The Mexican Inquisition Documents (1593-1817), held at UC Berkeley’s Bancroft Library, range over a wide array of canonical offenses including Judaism, clairvoyance, solicitation, superstition and sexual deviance. The sixty one documents were purchased by the Bancroft in 1996.
Isabel and Leonora Carvajal were denounced and accused of practicing Judaism in Mexico City, in 1595. Their trial record is contained in an ancestral form of the modern file folder; occasionally limp leather covers wrap around the documents. Material would be added to a record over time, or removed for use as evidence in other trials. Examination of the physical condition of the documents revealed that the consistent ‘waviness’ of the pages was due not to dampness but to folding by scribes in order to create margins for their notes and later formatting.

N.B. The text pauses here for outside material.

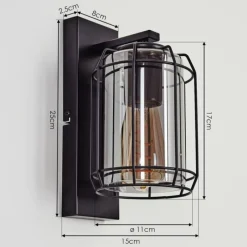 Suspension Verre Fumé-hofstein Applique murale Thusis Noir, 1 lumière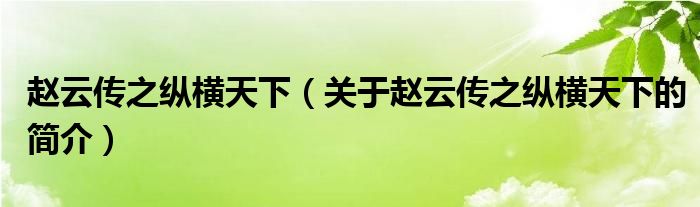 趙云傳之縱橫天下（關于趙云傳之縱橫天下的簡介）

Attached to the records was evidence introduced during the trials. Blas de Magallares hanged himself to avoid conviction and the loss of his family lands; the cord he used to hang himself is attached to his trial record. He was accused of not believing in the virginity of Mary. Bernard Ortego was accused of superstition and a leather pouch was attached to his record containing three packages with an unknown powder, a bone and some prayers. To minimize handling, documentary photographs were taken and the objects placed in sealed containers to protect from loss and to facilitate further research. The trial record of Jose Manjarres, also accused of pagan superstition, contained hand-drawn booklets as evidence.
The individual trial records were each sewn to a separate folder, using the original holes, and they were housed in phaseboxes, ordered by date into groups of three or four.
Gillian taught a course on how to construct these historic limp leather folders in Tennessee, at the 2008 Paper and Book Intensive.